6.8.13

Utopias e irrealismos



Nuno Ramos de Almeida escreve hoje um excelente texto no jornal «i», do qual extraio estes parágrafos: 

«Depois de mais de 30 anos de "realismo", temos Paulo Portas no governo, tivemos Miguel Relvas no executivo e fomos realisticamente comandados pelos políticos do centrão. Podemos dizer que, em resumo, uma quantidade de gente fez excelentes negócios, mas os portugueses só ficaram a perder: temos o país mais desigual e dos mais atrasados da União Europeia, com os gestores das grandes empresas mais bem pagos da dita cuja. (...)

No outro prato da balança temos a utopia e o irrealismo.

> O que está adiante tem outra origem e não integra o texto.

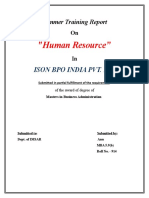 Summer Training Report On "Human Resource" in ISON BPO INDIA PVT. LTD.
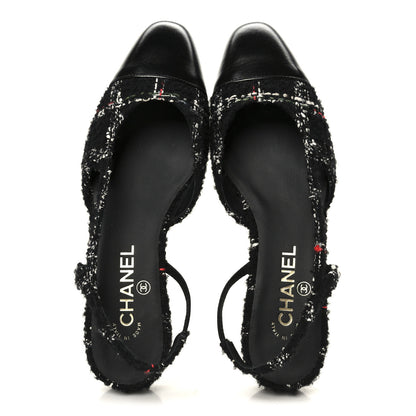 Chanel Tweed Lambskin Cap Toe CC Slingback Flats 39 Black White Multicolor 2 of 9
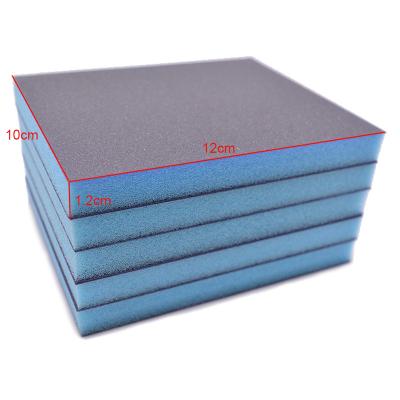 China 120*100*12mm Aluminum Oxide Wet & Dry Use Block 60#~220# Abrasive Blue Sponge Sanding Block For Grinding Polish for sale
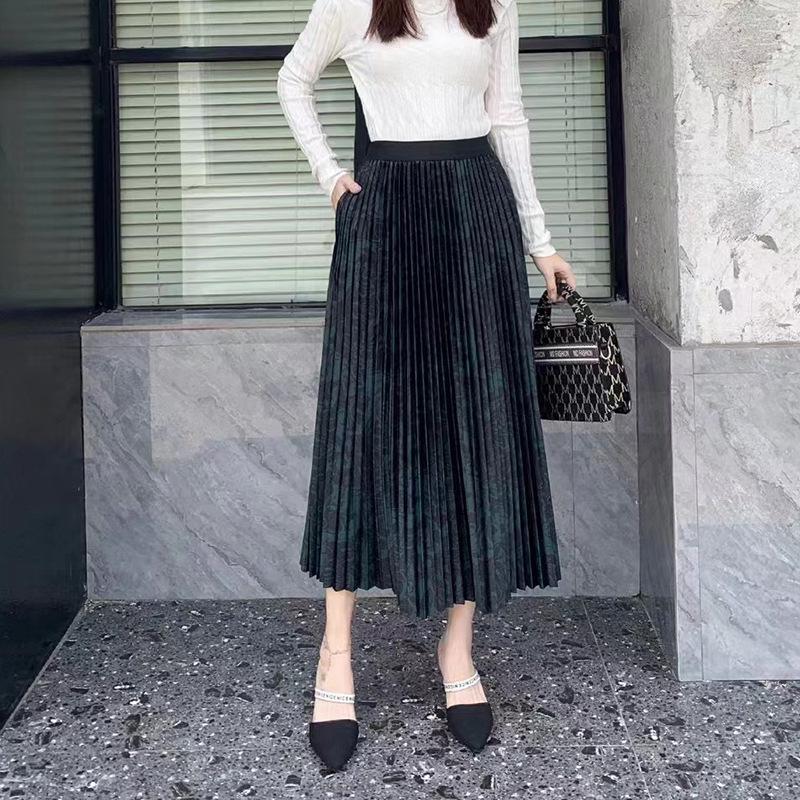Tencel Printed High-Waist Pleated A-Line Mid-Length Skirt for Autumn/Winter 2023 (Style 8005)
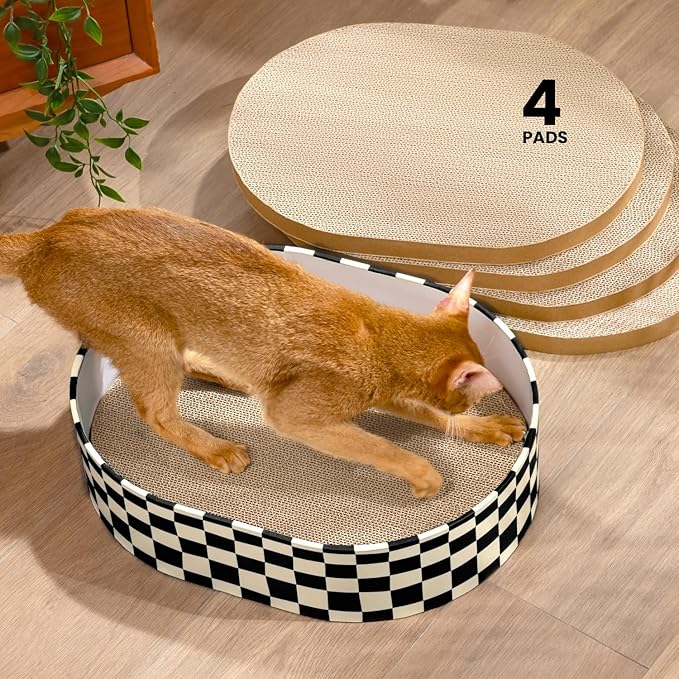 Conlun Cat Scratcher Box with 4 Cat Scratching Board Reversible Scratch Pad by Conlun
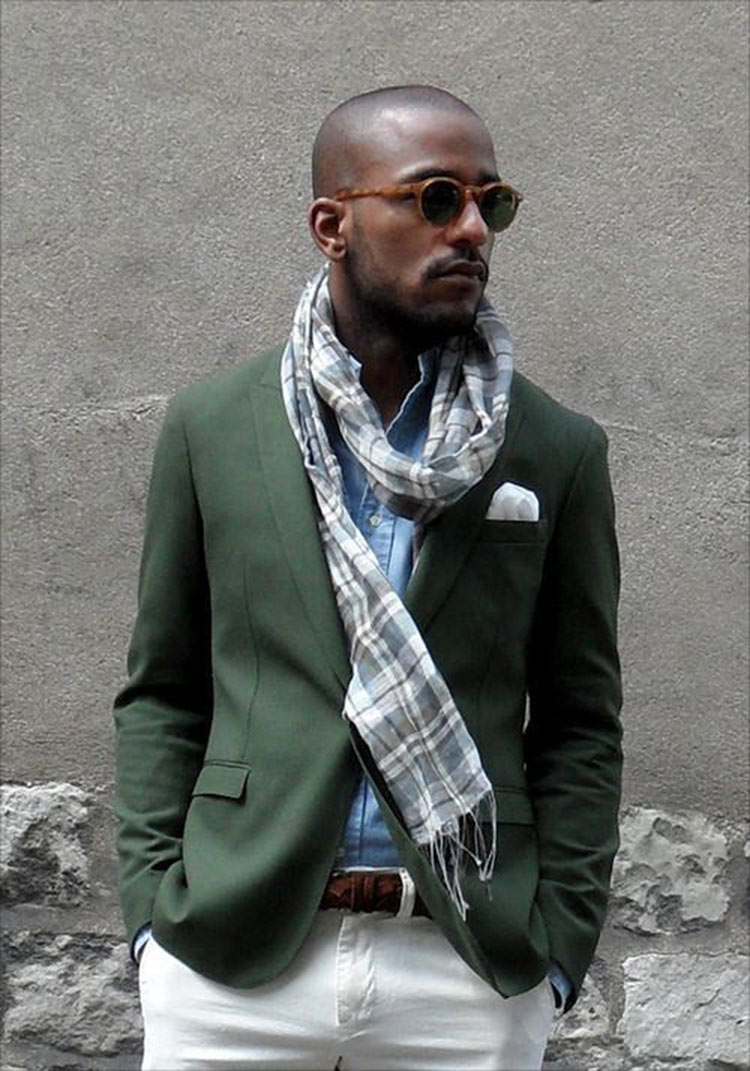 man-using-scarf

Foram gerações de pessoas que eram pouco realistas que combateram durante 48 anos pela liberdade em Portugal. Seria para eles muito mais cómodo calar e comer. Mas assumiram decisões perigosas, foram irrealistas e ajudaram a conquistar a liberdade que hoje temos. No meio da noite da ditadura a liberdade não passava de uma utopia.

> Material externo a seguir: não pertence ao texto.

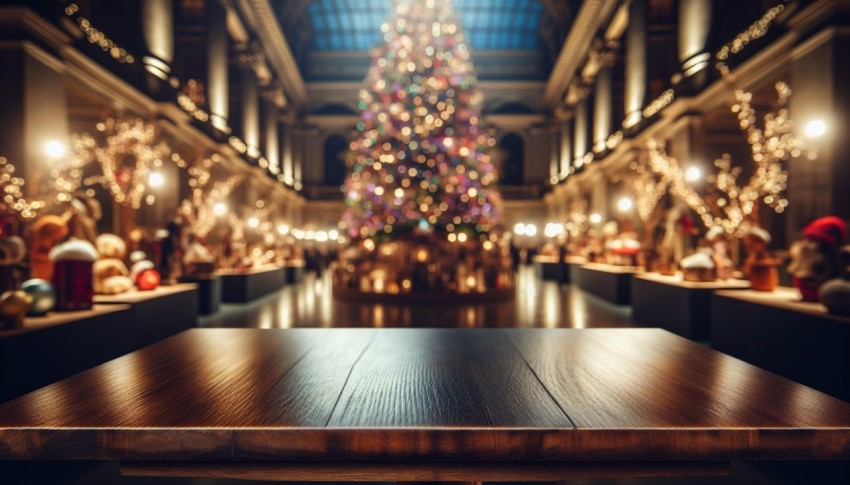 Background of an empty Christmas table with an out-of-focus Christmas tree, perfect for showcasing product displays.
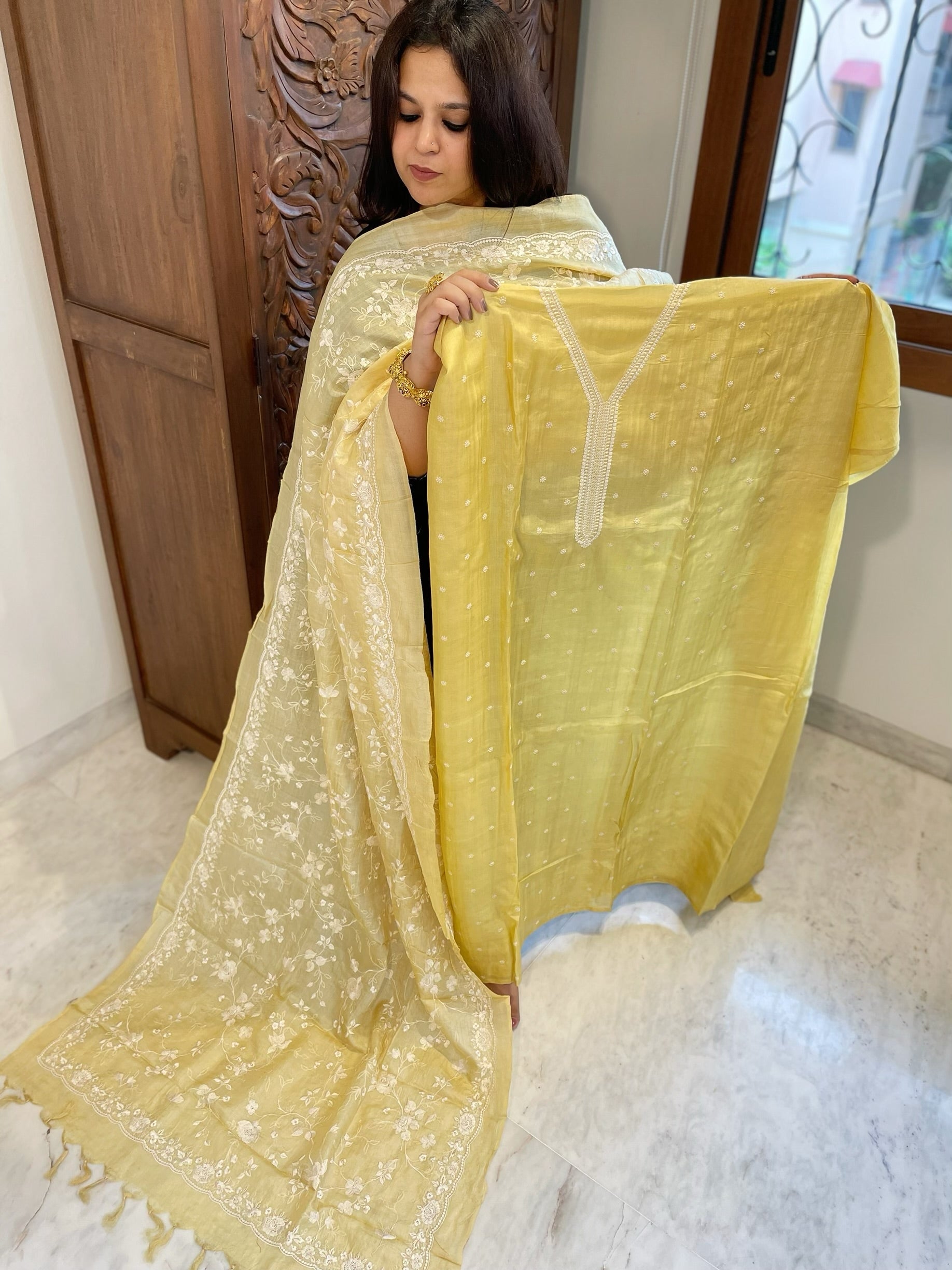 Yellow Suit Set with Thread Embroidery in Pure Tussar Silk - Masakalee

Dizem-nos os mercadores do templo em geral e os "realistas" portugueses em particular que tudo isso é metade da questão: a história está cheia de utopias sangrentas. Verdade. Mas foi dessa massa que nasceu tudo aquilo que de transcendentemente humano conquistámos. Sem excessos, paixões e entrega seríamos escravos. Foi de uma história generosa e por vezes sangrenta que se fizeram as revoluções, como a Francesa, que nos permitiram sonhar em liberdade, querer mais igualdade e fraternidade.»

O que Nuno Ramos de Almeida não explicita, mas eu acrescento, é que o «irrealismo» e a a «utopia» de que fala, os tais que fazem avançar a História, coexistem, mas resistem, à aparente força das percentagens, quase norte-coreanas, dos que afirmam preferir o statu quo, com ou sem alguma pequena cosmética. Sempre foi assim. Identificar essas maiorias com «a força do povo» não passa de uma mistificação, até porque elas não têm uma identidade própria e são volúveis por natureza: as mesmas pessoas que aplaudiram Marcelo Caetano no estádio do Sporting poucos dias antes do 25 de Abril deram mais do que sinceros vivas à liberdade no Largo do Carmo. Nunca foram as maiorias que tomaram a dianteira das grandes iniciativas, tal como nunca foram consensos nivelados pelo mal menor que venceram as grandes crises. E não será com eles que sairemos desta.